Thursday, September 16, 2010

postulat hati

Jakarta, 16 September 2010

Time can mend and heal slowly.

Seiring waktu, segala apapun yang namanya sakit hati akan bisa sembuh. Mungkin ini obat yang paling mujarab untuk sakit hati. Namun timbul sebuah prasyarat bahwa sebelum ia bisa sembuh---meski tidak total---si korban harus terlebih dahulu merasakan sebuah goncangan yang kira-kira bisa memutarbalikkan persepsinya sebesar 180 derajat. Mau itu ke kiri atau ke kanan.
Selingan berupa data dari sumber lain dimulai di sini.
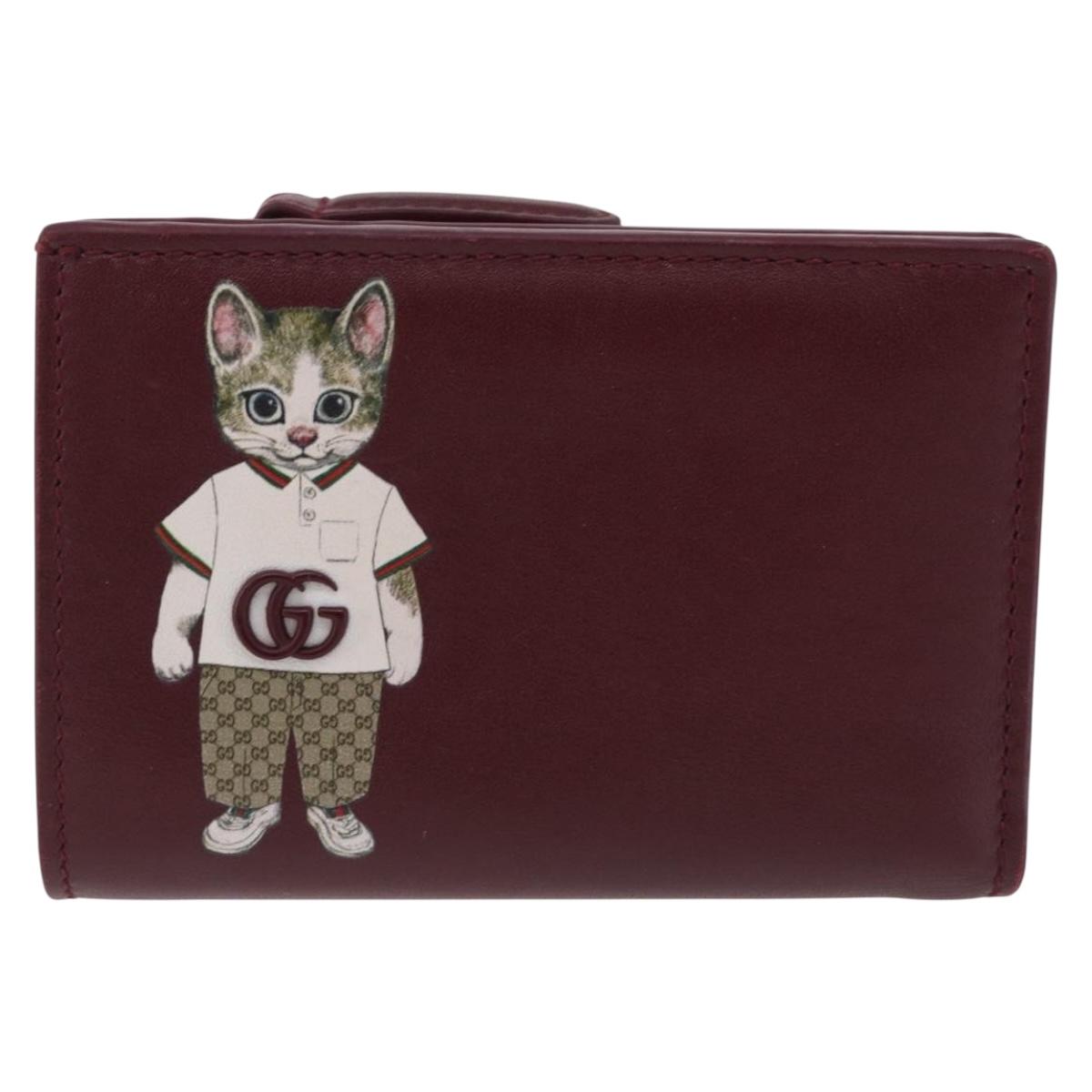 GUCCI Wallet Leather Higuchi Yuko Collaboration Bordeaux 847923 Auth 191265SM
Empunya hati tersebut juga harus bisa melepaskan dan memaafkan, sebelum hati itu bisa sembuh kembali. Tidak ada yang mudah kalau urusannya adalah masalah hati. Namun, kembali kepada orang-orang yang menjalaninya.

"Hati" itu sendiri adalah sebuah konsep abstrak dari perasaan manusia, ia sesuatu yang tidak lahiriah, dapat dirasakan oleh masing-masing insan, namun ia tidak berhembus bagai angin; ia harus diutarakan terlebih dahulu sebelum dirasakan. Apabila ia tidak dirasakan maka yang muncul hanya prasangka semata yang terkadang dapat menipu.

Langit memang punya cara misterius bagi masing-masing kita untuk memandang hidup, menjalani hidup dan menghadapi hidup.

Friday, September 3, 2010

On Holiday!!

Ah gile. Udah liburan. Jadi bingung mau ngapain.

Kalo udah bisa nyetir sih tinggal kemanaaa gitu kan, ngajak siapa, trus kita membolang bersama. Ujung-ujungnya naik tol ke Bandung dan yak....gw jauh dari peradaban rumah dan sampai di rumah gw akan dibantai.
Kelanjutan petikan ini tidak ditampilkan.